Search code examples
javajava-native-interfacefork

Java Native Interface sneaky forking behavior


After a very long hunt and for a related bug, I came to this strange behavior:

If on Linux I run a single JNI method to do a select:

JNIEXPORT void JNICALL Java_SelectJNI_select(JNIEnv *env, jobject thisObj) {
  // Print the curerent PID
  fprintf(stderr, "PID: %d\n", getpid());

  // Wait for 30 seconds
  struct timeval *timeout = (struct timeval *) calloc(1, sizeof(struct timeval));
  timeout->tv_sec = 30;
  timeout->tv_usec = 0;
  select(0, NULL, NULL, NULL, timeout);

  return;
}

and then I run the executable with strace, the select is not executed with the PID I have printed, but with the PID of a child, with the original object actually waiting on a mutex (this doesn't happen if I execute the same call in a plain small C program).

Say strace -f -o strace_output.txt java SelectJNI prints:

PID: 46811 

then grep select\( strace_output.txt will return:

46812 select(0, NULL, NULL, NULL, {tv_sec=30, tv_usec=0} <unfinished ...>

My guess is that JNI is forking and, in some way replacing the original select with its own wrapped version, probably to remain responsive.
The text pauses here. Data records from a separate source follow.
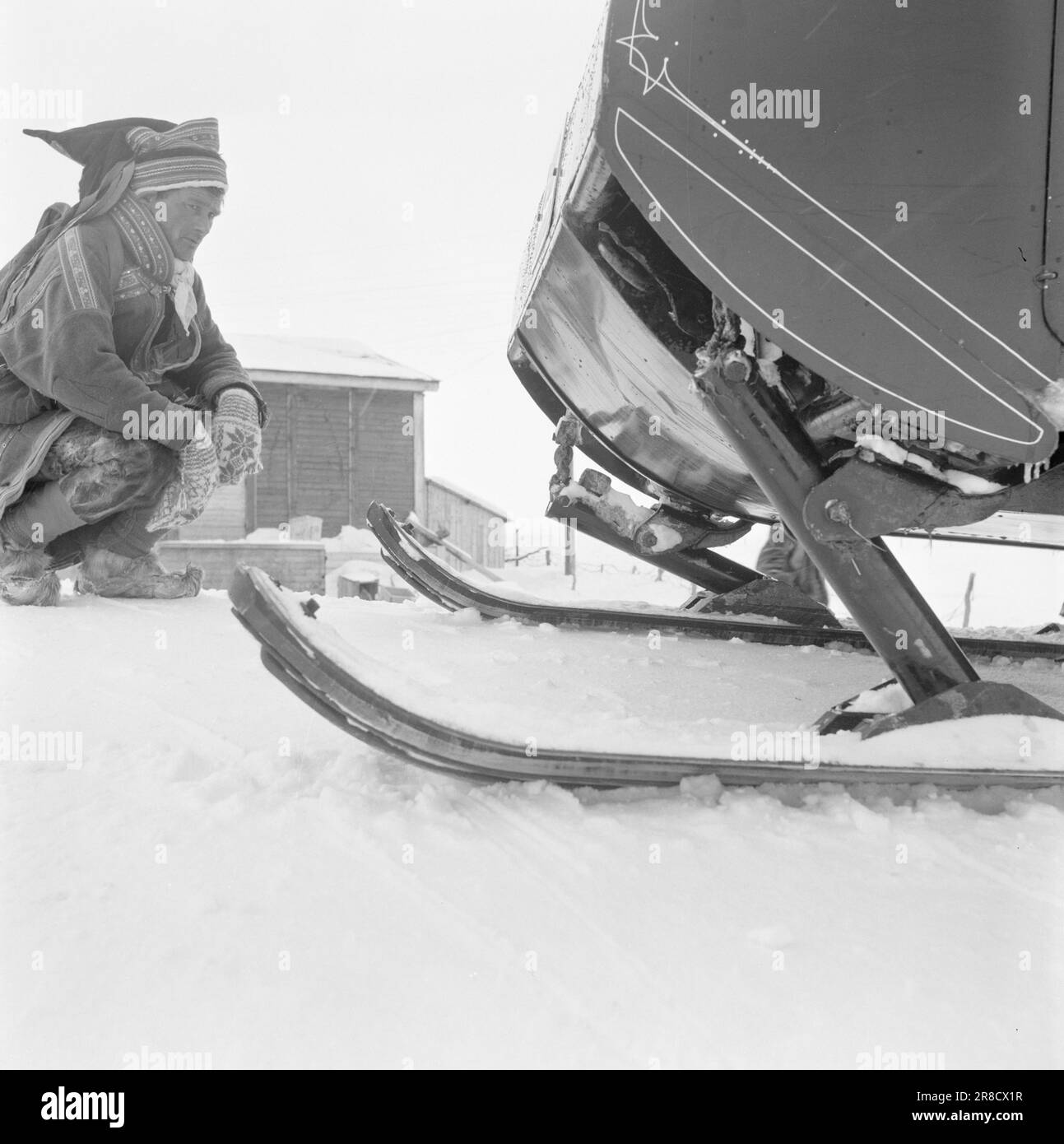 courant-08-1951-r-volution-sur-la-plaine-image-0050-la-plaine-de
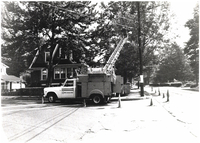 Photo only available in the library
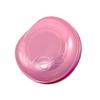 Fwee Puy Make Puy Gloi Jelly Pot Rose No.1 Rosy Glaze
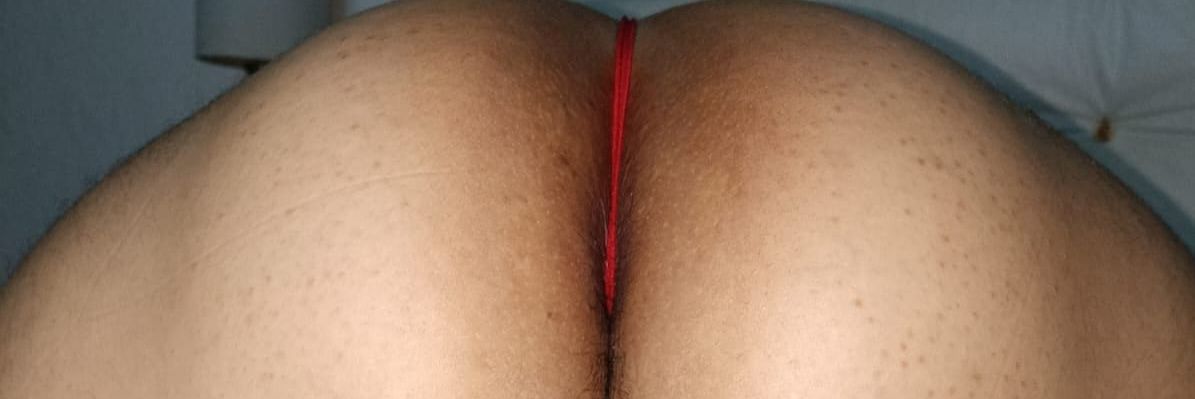 pareja abierta sw banner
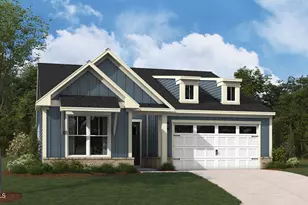 2012 Kapalua Wy, Durham, NC 27703 - Photo 1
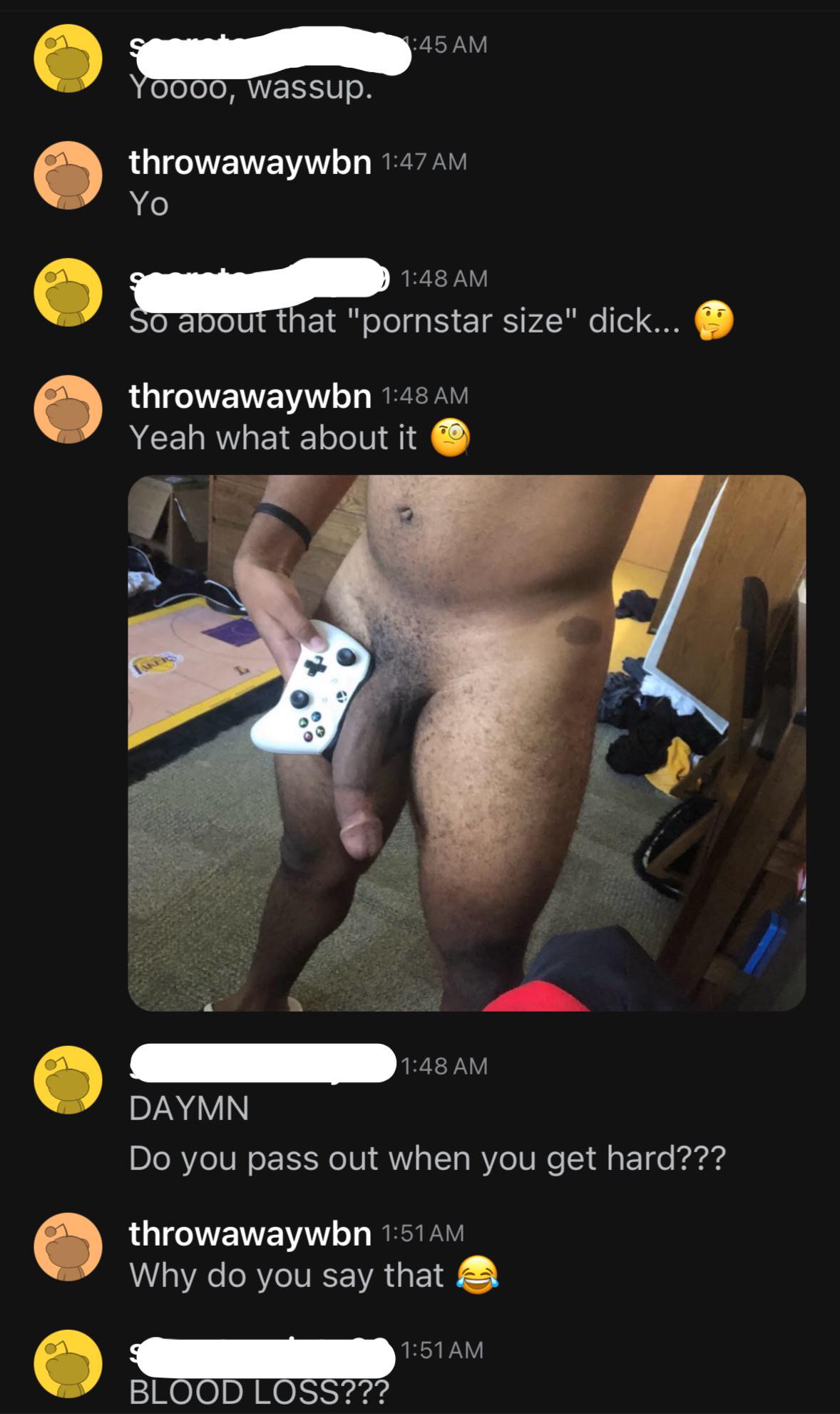 Best pic from r/bigdickjoy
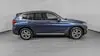 Florida Fine Cars - Used BMW X3 2021 ORLANDO SDRIVE30I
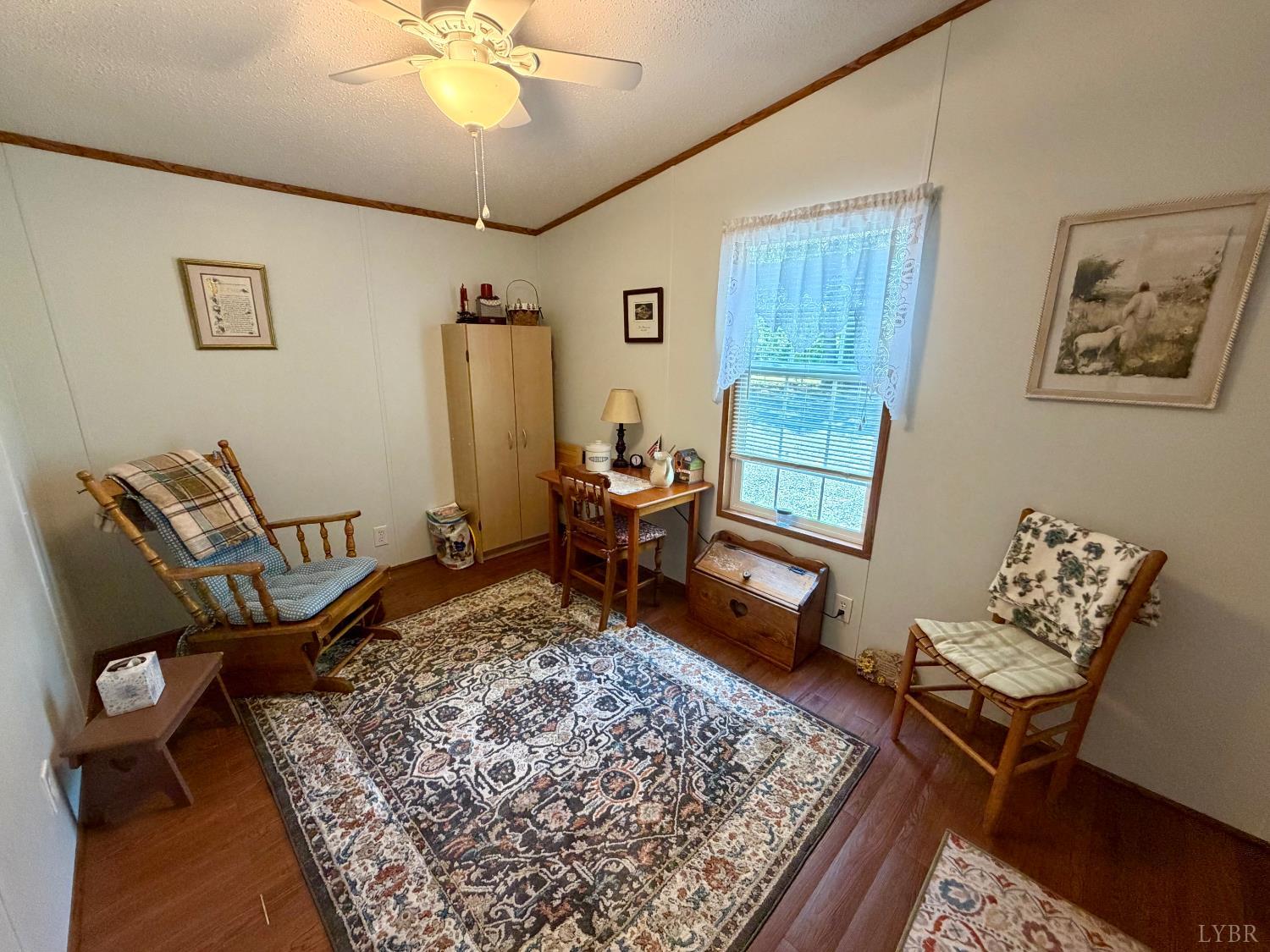 567 Columbus Road Concord, VA 24538 - Photo 13 of 21 Gallery Image 13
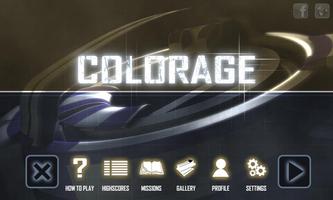 Colorage 截圖 1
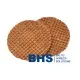 Stroop Waffle (L12-40733)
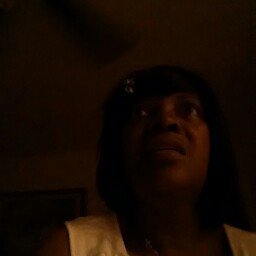 Earlene Robinson Photo 12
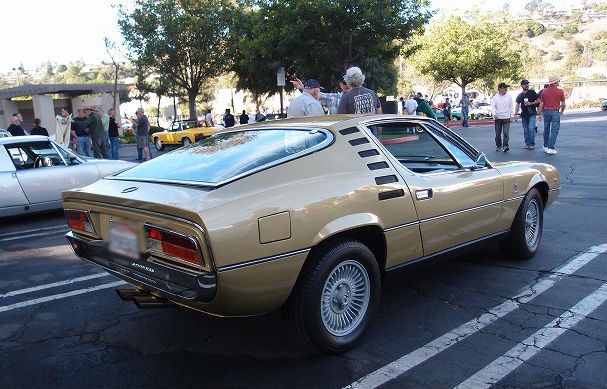 f:id:mata1:20171021171751j:plain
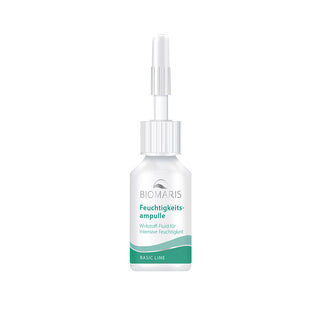 biomaris-moisturizing-ampoules-3x10-ml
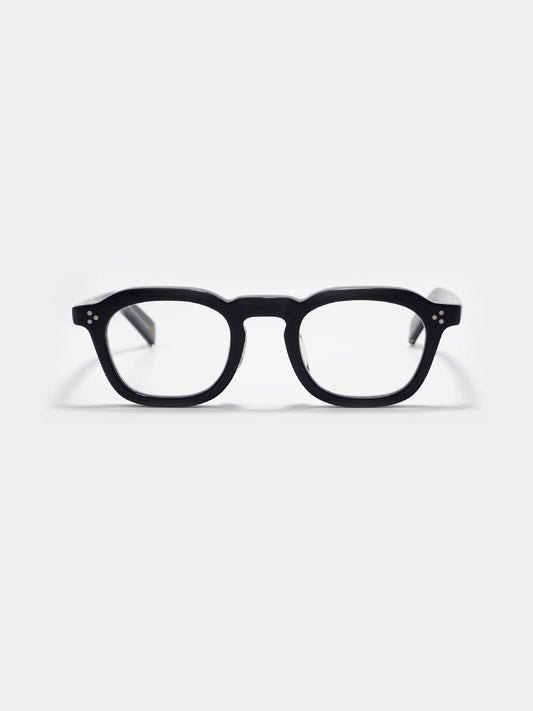 Hoptical H-09 BLK-PT.GRY 調光レンズ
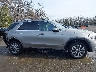4JGFB4KBXLA****** Used 2020 Mercedes-Benz Gle 350 in Maryland State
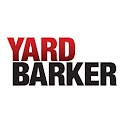 Yardbarker Sports and Rumors logo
I have a lot of questions, but the ones I care more about are:

  1. Is my hypothesis correct? JNI replacing functions under my feet?
  2. Is this behavior documented somewhere?
  3. The process where the actual select is invoked seems always to be that of the first child. Can I rely on that? If not, how do I find out where select is actually running?

Solution

  • The JVM may indeed fork, but it does so to create new JVM threads, rather than whole processes. While 46811 is the PID, the thread that's actually running your code in question has TID 46812 (which is what strace prints), while still running under PID 46811. Replacing getpid with gettid in the sample should lead to a consistent output.